A soli due mesi dall’intesa di Ohrid, il 26 maggio è andato in scena il primo evento che ha aperto uno degli anni più difficili e violenti per le relazioni tra Serbia e Kosovo. A causa dell’insediamento dei neo-eletti sindaci di Zubin Potok, Zvečan, Leposavić e Kosovska Mitrovica sono scoppiate violentissime proteste, trasformatesi il 29 maggio in una guerriglia che ha coinvolto anche i soldati della missione internazionale Kfor a guida Nato. La tensione è deflagrata per la decisione del governo Kurti di far intervenire le forze speciali di polizia per permettere l’ingresso nei municipi ai sindaci eletti il 23 aprile, in una tornata elettorale controversa per la bassissima affluenza al voto.

Scontri tra i manifestanti serbo-kosovari e i soldati della missione Nato Kfor a Zvečan, il 29 maggio 2023 (credits: Stringer / Afp)

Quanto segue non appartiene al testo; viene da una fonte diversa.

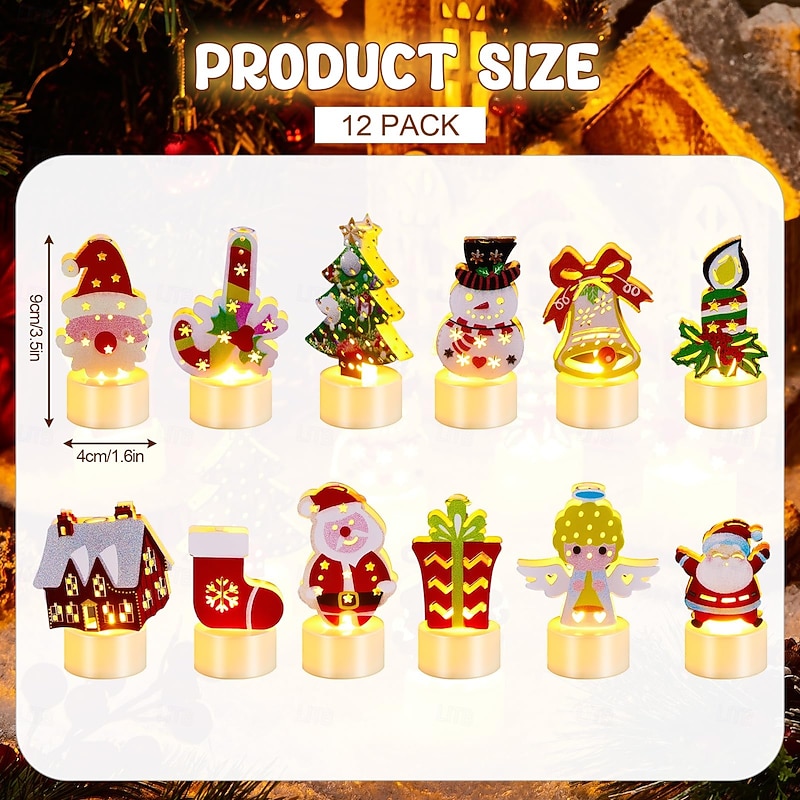 1 Pc Christmas Candle Light Snowman Santa Claus Christmas Tree Bell Candle Halloween Indoor Restaurant Festive Atmosphere Decorative Light2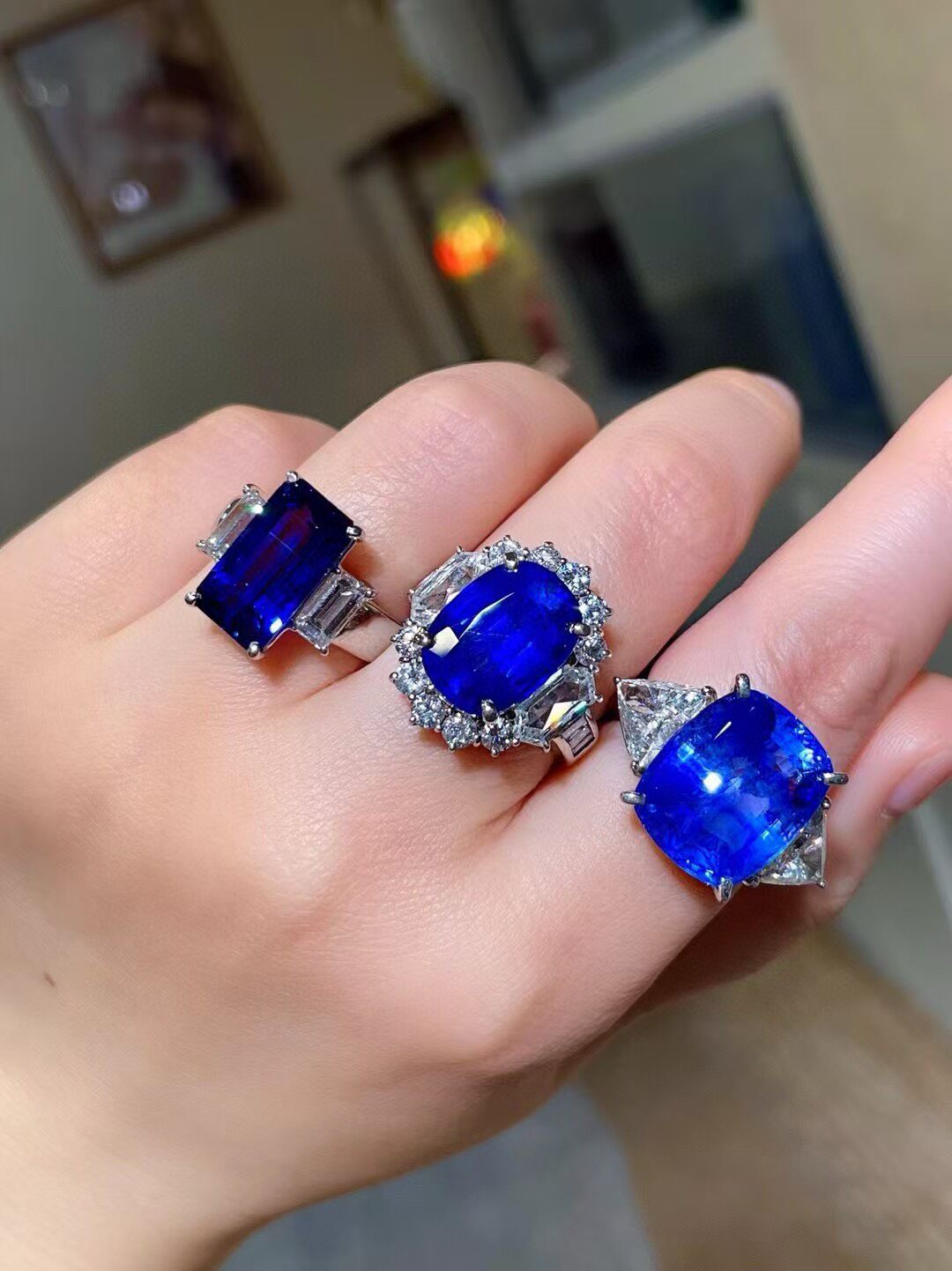 Royal Blue Gemstone & White Pearl Jewelry Collection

Nel frattempo il 14 giugno è andato in scena un arresto/rapimento di tre poliziotti kosovari da parte dei servizi di sicurezza serbi, per cui i governi di Pristina e Belgrado si sono accusati a vicenda di sconfinamento delle rispettive forze dell’ordine. Bruxelles ha convocato una riunione d’emergenza con il premier Kurti e il presidente Vučić per uscire dalla “modalità gestione della crisi” e solo il 22 giugno è arrivata la scarcerazione dei tre poliziotti kosovari. Ma a causa del mancato “atteggiamento costruttivo” da parte di Pristina per la de-escalation della tensione, Bruxelles ha imposto a fine giugno misure “temporanee e reversibili” contro il Kosovo (ancora in atto, nonostante la tabella di marcia concordata il 12 luglio). La situazione è però degenerata con l’attacco terroristico del 24 settembre nei pressi del monastero serbo-ortodosso di Banjska. Nella giornata di scontri tra la Polizia del Kosovo e un gruppo di una trentina di uomini armati sono rimasti uccisi un poliziotto e tre attentatori.

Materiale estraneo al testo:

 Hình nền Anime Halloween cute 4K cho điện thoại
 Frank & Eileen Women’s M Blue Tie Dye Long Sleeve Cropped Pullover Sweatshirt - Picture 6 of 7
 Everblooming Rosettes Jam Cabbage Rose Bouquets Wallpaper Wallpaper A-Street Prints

Gli sviluppi dell’attentato hanno evidenziato chiare diramazioni nella vicina Serbia. Tra gli attentatori all’esterno del monastero c’era anche Milan Radoičić, vice-capo di Lista Srpska – come confermato da lui stesso qualche giorno dopo l’attacco armato – oltre a Milorad Jevtić, stretto collaboratore del figlio del presidente serbo, Danilo Vučić. A peggiorare il quadro il un “grande dispiegamento militare” serbo lungo il confine amministrativo denunciato dagli Stati Uniti. La minaccia non si è concretizzata, ma l’Ue ha iniziato a riflettere sulla possibilità di imporre le stesse misure in vigore contro Pristina anche ai danni di Belgrado. Ma per il via libera serve l’unanimità in Consiglio e il più stretto alleato di Vučić dentro l’Unione – il premier ungherese, Viktor Orbán – ha posto il veto. Come se non bastasse, prima delle elezioni anticipate in Serbia il 17 dicembre, l’ultimo atto del governo guidato da Ana Brnabić è stato inviare una lettera a Bruxelles per avvertire che le istituzioni serbe non riconoscono il valore giuridico degli impegni verbali presi nel contesto del dialogo Pristina-Belgrado e che non sarà riconosciuta nemmeno de facto la sovranità del Kosovo.

L’unica notizia positiva al momento è la risoluzione della ‘battaglia delle targhe’ tra Serbia e Kosovo, grazie alla decisione arrivata tra fine 2023 e inizio 2024 sul mutuo riconoscimento per i veicoli in ingresso alla frontiera. Anche considerati i presupposti non promettenti su cui si sta impostando il nuovo anno. Con l’entrata in vigore del Regolamento sulla trasparenza e stabilità dei flussi finanziari e sulla lotta al riciclaggio di denaro e alla contraffazione, dal primo febbraio l’euro è diventato l’unica valuta di cambio e di deposito nei conti bancari: il dinaro serbo può ancora essere scambiato al pari del lek albanese o del dollaro, ma la decisione avrà un impatto su tutti quei servizi pubblici che non si mai adeguati all’adozione dell’euro da parte di Pristina nel 2002 (ancora prima dell’indipendenza). Il 5 febbraio hanno sollevato polemiche a Bruxelles le operazioni di polizia speciale presso gli uffici delle istituzioni temporanee gestite dalla Serbia in quattro comuni del nord del Kosovo (Dragash, Pejë, Istog e Klinë) e presso la sede dell’Ong Center For Peace and Tolerance a Pristina: dal 2008 Belgrado ha continuato a finanziare comuni, aziende, imprese pubbliche, asili, scuole, università pubbliche e ospedali a disposizione della minoranza serba, in modo illegale secondo la Costituzione del Kosovo.